Ironically it fell exactly to their former well-paid boss now turned Minister of Energy and Infrastructure to lever this crisis. And she did perform. She called the “strike” although formally it was an interruption done by a procedure included in their regulation, nothing less than a coup d’etat. Of the sort, her own grandfather was accused decades ago in order to be executed by order of the dictator Enver Hoxha. The irony is almost too painful to handle.

The same designation was used around a panicky media campaign that exposed the President of the Republic, the former leader of the DP and others as an attempt to destabilize the state, something taken out of an authoritarian playbook. A lot of energy was pent to put a label on the event, energy much needed to manage a serious blowback to citizens wanting and planning to travel, to vaccine shipments held midair.

The crisis left exposed a much uglier and scarier reality: the silhouette of a scarecrow state, gargantuan in its looks but so hollow and feeble inside that mild winds can shake it down. A state that chose to ignore for months the growing revolt of key, irreplaceable people in a sector vitally connected to the national security and to the public interest. A state that relies on arrogance to sweep all protest under the rug and was caught surprised that such a small handful of people could halt its electoral campaign.

The air traffic controller public company is well known to be a nepotistic hornets’ nest of people appointed by former rand current politicians of all sides: its administration and board surnames can be almost fully matched with MPs and ministers in different years of the transition. To imagine that these people appointed and benefiting directly from being close to the establishment, including here none less than the son of the current Speaker of the Assembly and patron father of the Socialist Party Gramoz Ruci, would try to bring it down is ludicrous.

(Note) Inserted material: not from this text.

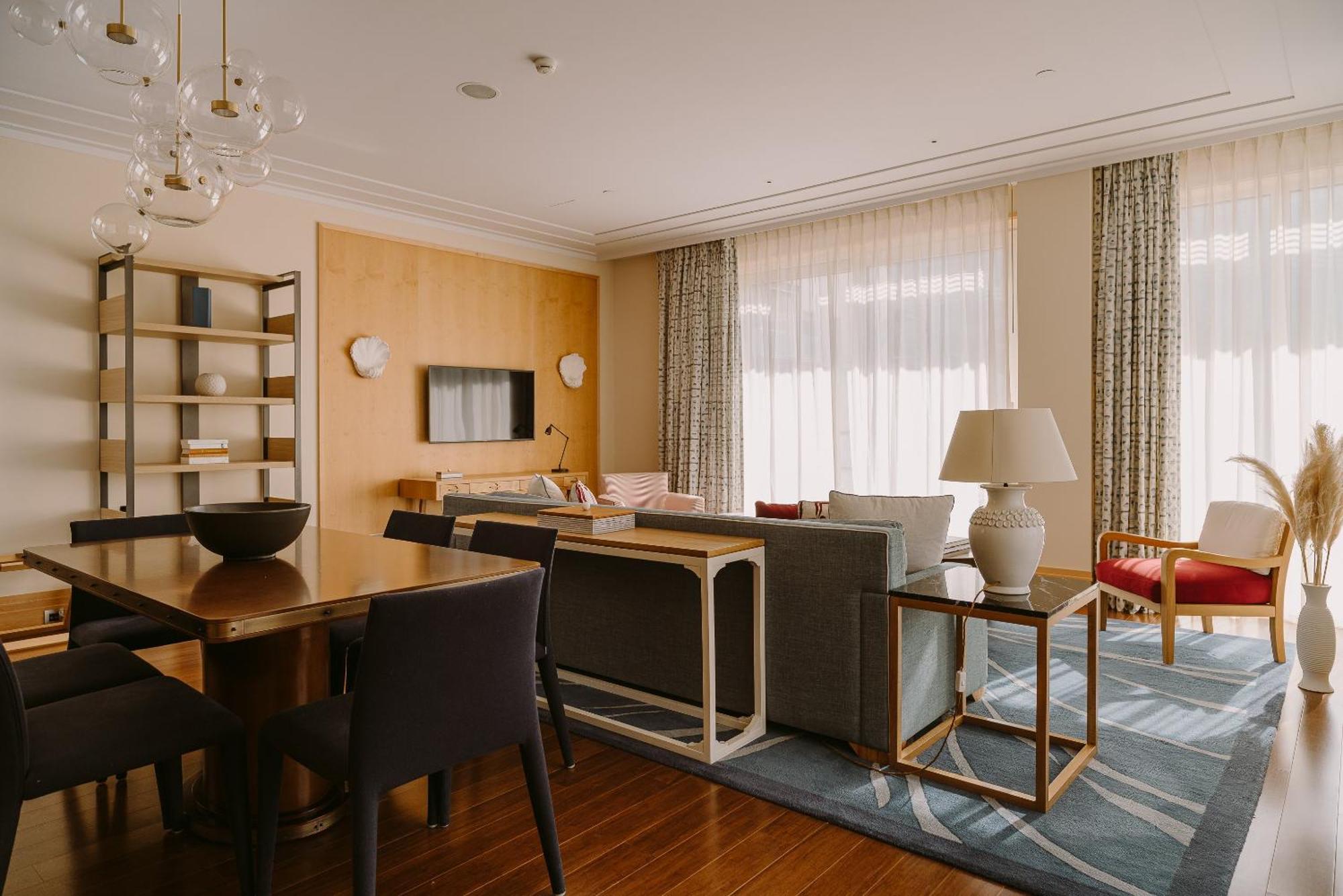 Regent Porto Montenegro ティヴァト エクステリア 写真 A suite at the Mandarin Oriental, Munich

During an entire year the state did not even adopt the Machiavellian approach of management: did not prepare or start to train replacements in order not to be left at the mercy of 60 air traffic controllers. Confident in its boastful stride, it left this infestation grow and when found with the outcome chose to import replacement controllers from Turkey and Greece and clamp down the rebels with all the might of the army showing up and the prosecutors pressing charges.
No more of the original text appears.